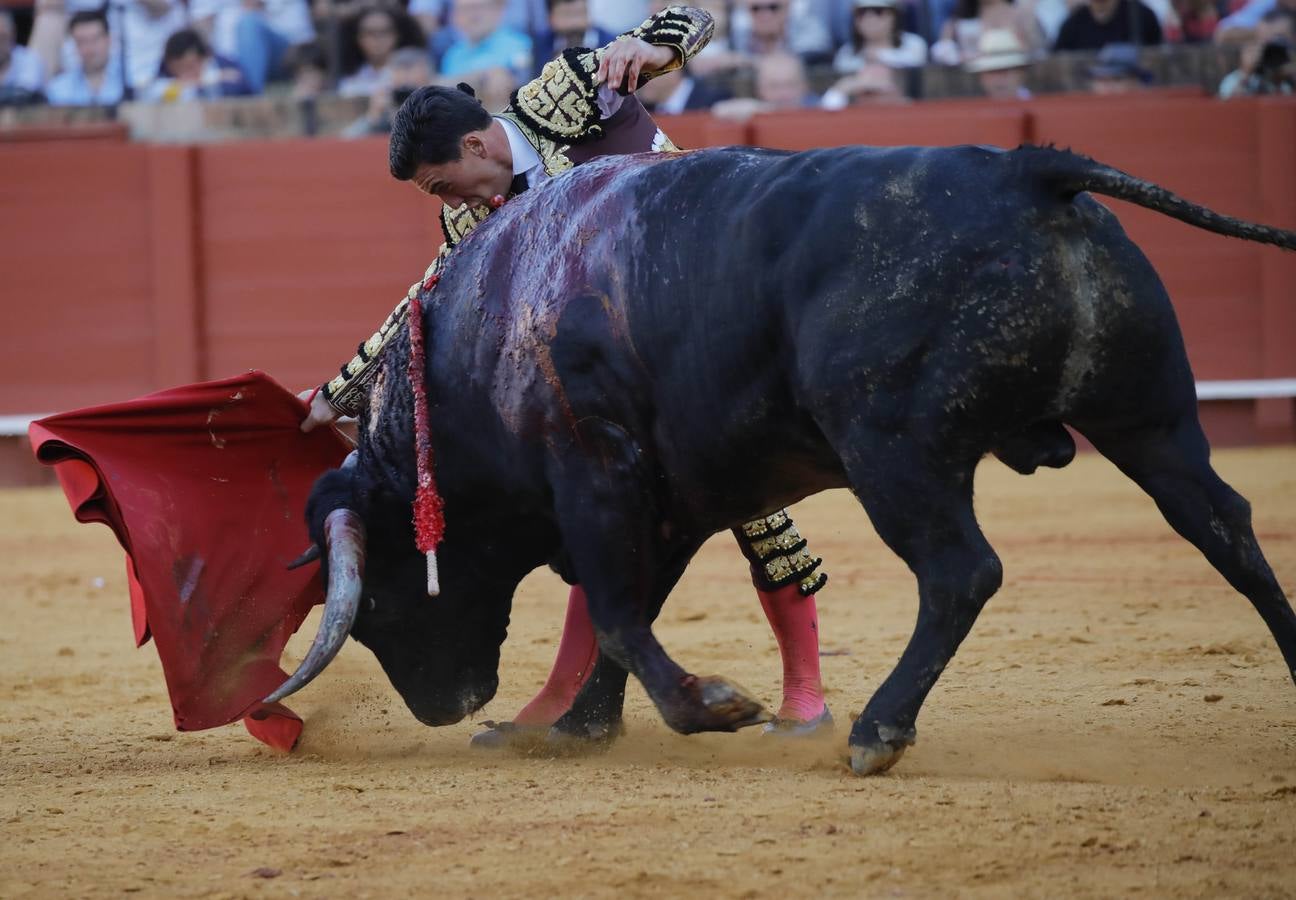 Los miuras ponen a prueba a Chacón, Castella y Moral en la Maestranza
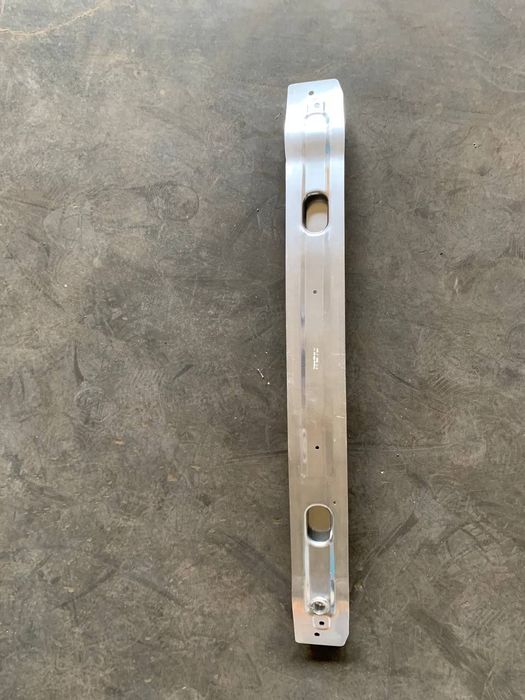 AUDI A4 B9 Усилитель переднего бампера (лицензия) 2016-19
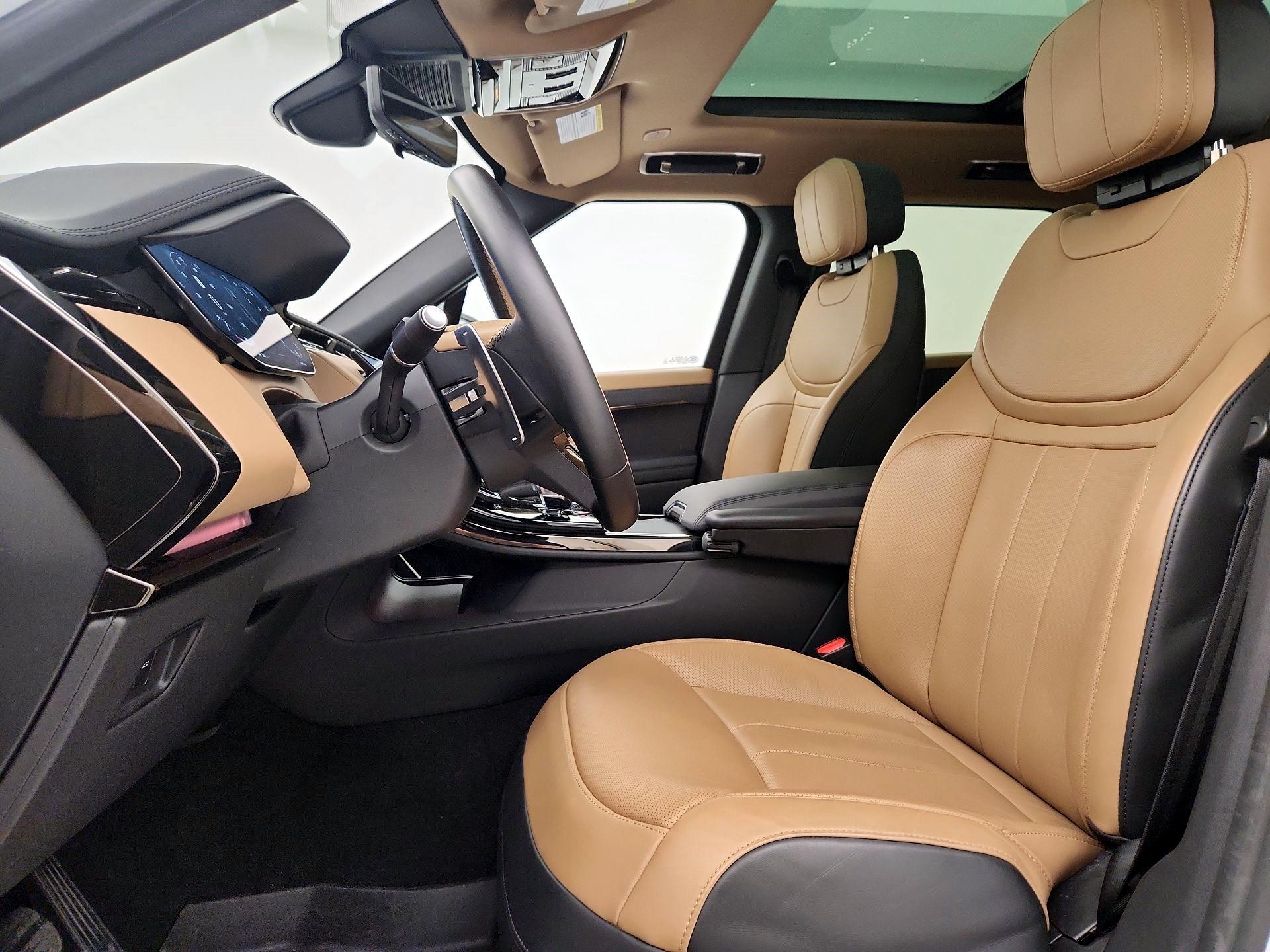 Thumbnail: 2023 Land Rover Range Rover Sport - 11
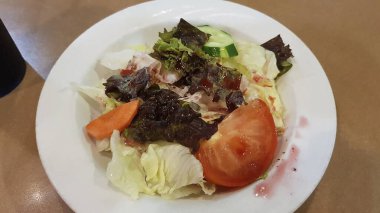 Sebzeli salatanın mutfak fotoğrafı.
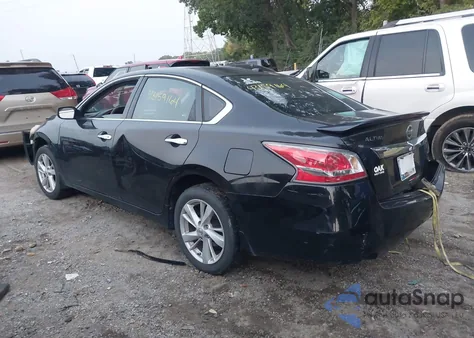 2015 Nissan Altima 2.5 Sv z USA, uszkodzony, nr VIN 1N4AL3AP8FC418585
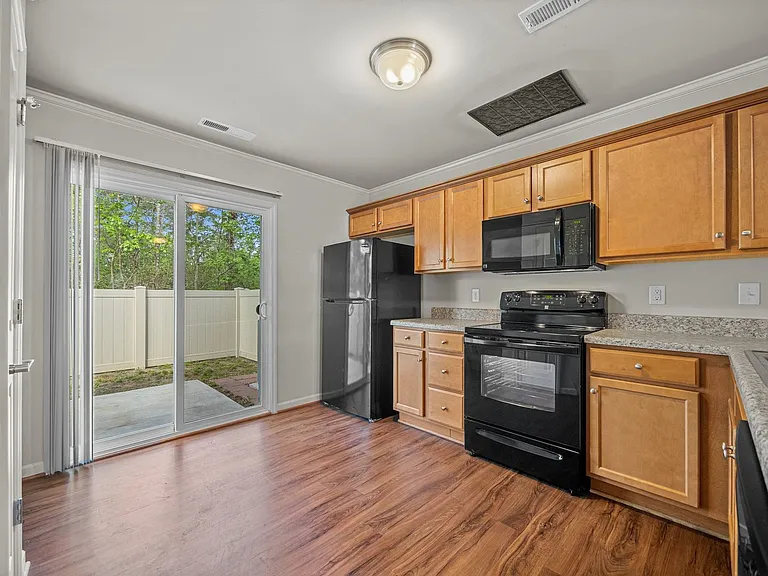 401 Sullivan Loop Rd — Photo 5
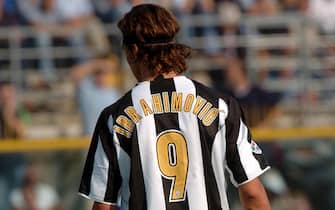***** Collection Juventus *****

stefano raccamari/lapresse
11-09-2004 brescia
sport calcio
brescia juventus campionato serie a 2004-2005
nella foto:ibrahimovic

==========

In the entries above, identify every line with the word "brescia". Copy those lines.

Result of this exercise:
11-09-2004 brescia
brescia juventus campionato serie a 2004-2005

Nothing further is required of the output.